Alvaro Conrado, Symbol of the Nicaraguan Rebellion, Honored at his High School

A student of the Colegio Loyola School, in Managua, wears a cap with an image of Alvaro Conrado, a teenage martyr of the Ortega government’s massacre, who would have graduated this November 23, 2019.  Photo: Courtesy

By Confidencial

HAVANA TIMES – Alvaro Conrado Avendano took his ex-wife Liseth Davila by the hand and together they walked to the podium. The entire Santo Domingo de Guzman church shouted: Alvaro, Alvaro, Alvaro…Davila took the diploma and raised it stirring applause.

“Mothers do not surrender, we demand justice,” shouted Davila. “Alvarito will always live in the heart of Nicaraguans” and everyone continued applauding with joy.

They were the students, new high school graduates, applauding and remembering their classmate Alvaro Conrado Davila, who on Saturday would have had graduated with them, if he had not been killed at age 15 on April 20, 2018, when he went to the UNI (Engineering University) to bring water to university students who had rebelled against the Government.

The Colegio Loyola gave the parents of Alvaro, the diploma that he would have received in a gesture that was applauded by the entire educational community.

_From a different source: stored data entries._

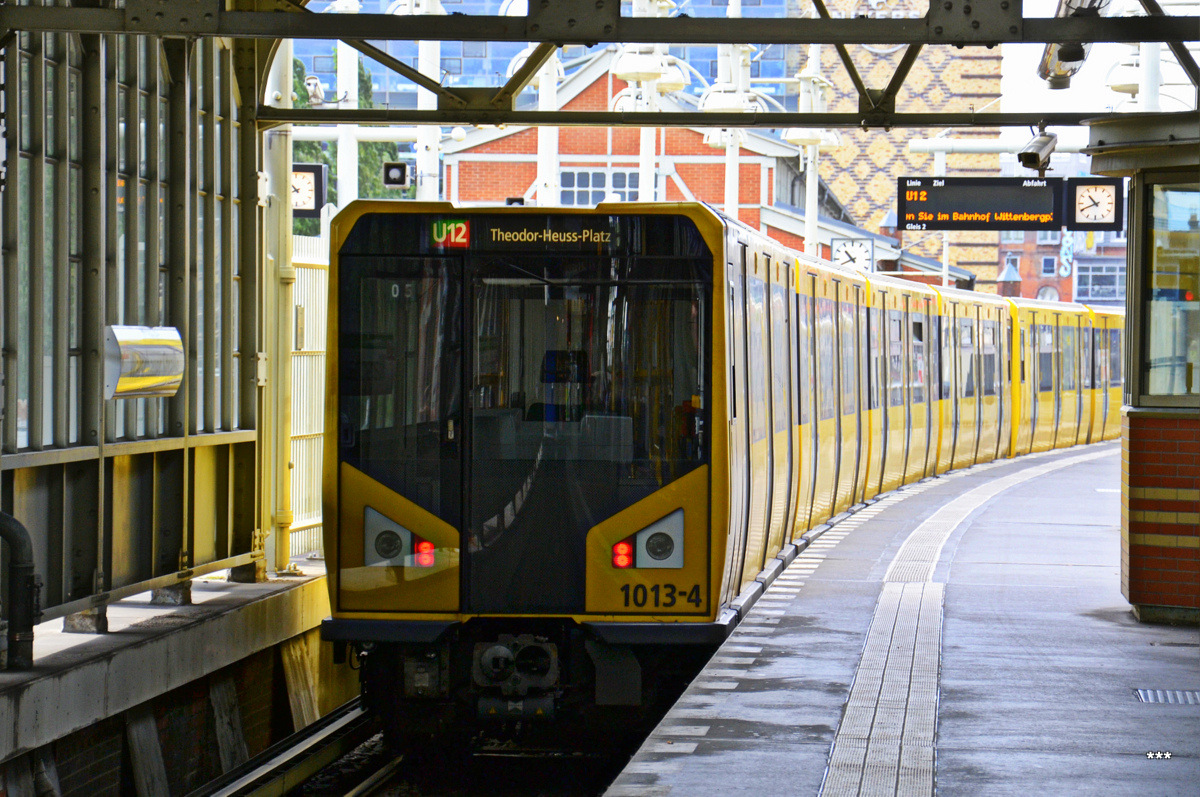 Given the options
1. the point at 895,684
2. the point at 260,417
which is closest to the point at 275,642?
the point at 260,417

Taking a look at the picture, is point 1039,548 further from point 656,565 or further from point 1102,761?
point 1102,761

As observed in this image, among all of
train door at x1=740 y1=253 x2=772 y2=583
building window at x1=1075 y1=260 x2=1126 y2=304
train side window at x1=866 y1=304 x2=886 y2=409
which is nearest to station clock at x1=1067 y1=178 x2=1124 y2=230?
train side window at x1=866 y1=304 x2=886 y2=409

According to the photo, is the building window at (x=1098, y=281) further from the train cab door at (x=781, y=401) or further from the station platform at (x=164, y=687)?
the station platform at (x=164, y=687)

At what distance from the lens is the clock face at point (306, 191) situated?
19078 millimetres

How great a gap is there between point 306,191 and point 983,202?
904cm

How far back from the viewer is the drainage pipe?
289 inches

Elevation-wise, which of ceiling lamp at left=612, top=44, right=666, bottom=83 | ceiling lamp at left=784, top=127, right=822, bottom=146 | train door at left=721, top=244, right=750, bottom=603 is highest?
ceiling lamp at left=784, top=127, right=822, bottom=146

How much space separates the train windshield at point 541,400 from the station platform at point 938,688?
1.11 meters

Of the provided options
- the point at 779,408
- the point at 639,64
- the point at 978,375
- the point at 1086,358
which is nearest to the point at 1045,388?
the point at 1086,358

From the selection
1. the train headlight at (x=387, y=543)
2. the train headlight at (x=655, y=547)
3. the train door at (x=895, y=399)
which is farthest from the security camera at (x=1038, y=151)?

“We are grateful to the Colegio Loyola for remembering my son,” Conrado Avendano said Saturday night on his Facebook account. “He would have been proud of participating in his graduation with his peers.”

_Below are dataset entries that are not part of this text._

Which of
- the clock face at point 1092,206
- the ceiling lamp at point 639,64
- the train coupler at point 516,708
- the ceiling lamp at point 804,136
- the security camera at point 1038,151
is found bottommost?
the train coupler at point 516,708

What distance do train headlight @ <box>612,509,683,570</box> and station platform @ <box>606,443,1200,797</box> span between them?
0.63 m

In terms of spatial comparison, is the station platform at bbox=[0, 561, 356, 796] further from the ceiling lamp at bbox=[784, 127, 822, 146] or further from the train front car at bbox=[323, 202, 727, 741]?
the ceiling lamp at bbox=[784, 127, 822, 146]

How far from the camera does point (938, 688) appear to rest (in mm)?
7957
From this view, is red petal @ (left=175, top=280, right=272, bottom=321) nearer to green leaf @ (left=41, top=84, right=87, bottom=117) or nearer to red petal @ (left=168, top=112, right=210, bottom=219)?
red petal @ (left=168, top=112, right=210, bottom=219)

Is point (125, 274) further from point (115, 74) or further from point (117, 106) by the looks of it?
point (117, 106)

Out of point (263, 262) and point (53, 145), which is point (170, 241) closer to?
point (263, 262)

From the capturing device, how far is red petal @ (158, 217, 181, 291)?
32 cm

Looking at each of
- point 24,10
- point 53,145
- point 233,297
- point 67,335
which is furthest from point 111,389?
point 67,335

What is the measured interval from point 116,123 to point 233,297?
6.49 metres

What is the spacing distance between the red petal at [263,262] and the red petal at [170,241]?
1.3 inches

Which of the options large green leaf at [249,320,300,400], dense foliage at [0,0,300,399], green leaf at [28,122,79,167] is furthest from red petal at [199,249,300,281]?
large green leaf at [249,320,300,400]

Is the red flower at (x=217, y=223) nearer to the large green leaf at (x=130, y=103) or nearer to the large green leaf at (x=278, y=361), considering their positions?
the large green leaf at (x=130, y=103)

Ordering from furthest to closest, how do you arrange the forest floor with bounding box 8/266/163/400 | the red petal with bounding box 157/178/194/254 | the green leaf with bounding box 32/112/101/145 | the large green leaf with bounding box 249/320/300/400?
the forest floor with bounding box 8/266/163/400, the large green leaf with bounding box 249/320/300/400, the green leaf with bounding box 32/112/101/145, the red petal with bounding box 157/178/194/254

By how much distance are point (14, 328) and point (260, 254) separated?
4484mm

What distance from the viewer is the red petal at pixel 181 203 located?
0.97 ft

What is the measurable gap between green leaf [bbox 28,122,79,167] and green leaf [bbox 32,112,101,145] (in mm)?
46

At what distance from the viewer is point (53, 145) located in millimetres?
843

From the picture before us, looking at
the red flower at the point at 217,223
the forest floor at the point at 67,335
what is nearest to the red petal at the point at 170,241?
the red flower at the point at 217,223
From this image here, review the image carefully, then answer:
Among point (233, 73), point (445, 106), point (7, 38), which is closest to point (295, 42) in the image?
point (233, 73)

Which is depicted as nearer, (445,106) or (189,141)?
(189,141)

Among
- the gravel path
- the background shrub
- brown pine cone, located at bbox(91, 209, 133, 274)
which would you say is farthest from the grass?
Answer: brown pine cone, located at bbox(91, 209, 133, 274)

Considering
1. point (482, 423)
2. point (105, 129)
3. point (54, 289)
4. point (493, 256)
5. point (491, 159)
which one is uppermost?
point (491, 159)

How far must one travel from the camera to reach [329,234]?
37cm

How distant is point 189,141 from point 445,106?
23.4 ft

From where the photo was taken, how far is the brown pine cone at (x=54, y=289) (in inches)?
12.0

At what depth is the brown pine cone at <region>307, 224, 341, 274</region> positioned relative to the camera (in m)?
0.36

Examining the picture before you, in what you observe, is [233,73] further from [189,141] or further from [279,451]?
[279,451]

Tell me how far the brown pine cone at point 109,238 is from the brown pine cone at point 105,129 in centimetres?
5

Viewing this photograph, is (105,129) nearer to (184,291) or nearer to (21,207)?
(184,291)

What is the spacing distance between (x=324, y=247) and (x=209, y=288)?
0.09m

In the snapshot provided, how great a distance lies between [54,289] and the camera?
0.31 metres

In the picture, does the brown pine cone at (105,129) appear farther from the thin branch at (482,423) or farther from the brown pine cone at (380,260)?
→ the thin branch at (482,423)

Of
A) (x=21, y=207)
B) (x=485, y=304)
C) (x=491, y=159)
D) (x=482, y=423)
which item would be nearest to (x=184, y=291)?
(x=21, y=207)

His classmates decided to dedicate this graduation to their murdered peer. On top of their caps, as a tribute, they placed a drawing of Alvaro Conrado.

Ortega supporters tried to tarnish the graduation

But the dictatorship tried to interrupt the homage. The Santo Domingo de Guzman church, located a few meters from the Loyola school and where the ceremony took place, awoke  Saturday painted with offensive messages towards the youth assassinated and the school and the church were watched over by the Police.

“Your blood was in vain,” “You were used as cannon fodder,” was read on the walls.  Later, during the graduation, pro-Ortega mobs surrounded the church and with loudspeakers played the song “El Comandante se queda” (The Commander will stay).

“Traitors, traitors, you are all traitors,” screamed one of the regime’s fanatics to parents who were inside the church.

Later, another fanatic of the dictatorship threatened to take the journalists covering the homage to the infamous “Chipote” interrogation jail.

Within the church all the parents and graduates applauded the tribute to the martyred youth, except three. It could be seen that a father, a mother, a graduate and small child waved a flag of Ortega’s party, the FSLN. The rest of the parents booed at them, but there was no aggression and nothing happened.

Later, social networks exploded pointing out that the Ortega supporters had family and work ties with the Government.

Graduation ceremonies, a torment

Graduation ceremonies in Jesuit schools have become a torment for the regime. Last Friday a minority group of seven parents, including public officials and businessmen benefitted with public contracts, barged into the graduation ceremony of the high school at the Colegio Centroamerica waving red-black flags and shouting cheers to dictator Daniel Ortega.

Their discontent was for the dedication of the ceremony: “To our country that in pain screams for freedom.”

The students decided that dedication voluntarily. The seven parents complained to the principal alluding that the students chose the dedication under pressure. They called a parents’ meeting but did not accept the outcome.

A vote was taken of the 80 parents present and 72 voted in favor of the dedication their children had chosen. The seven Ortega supporters voted against and one abstained.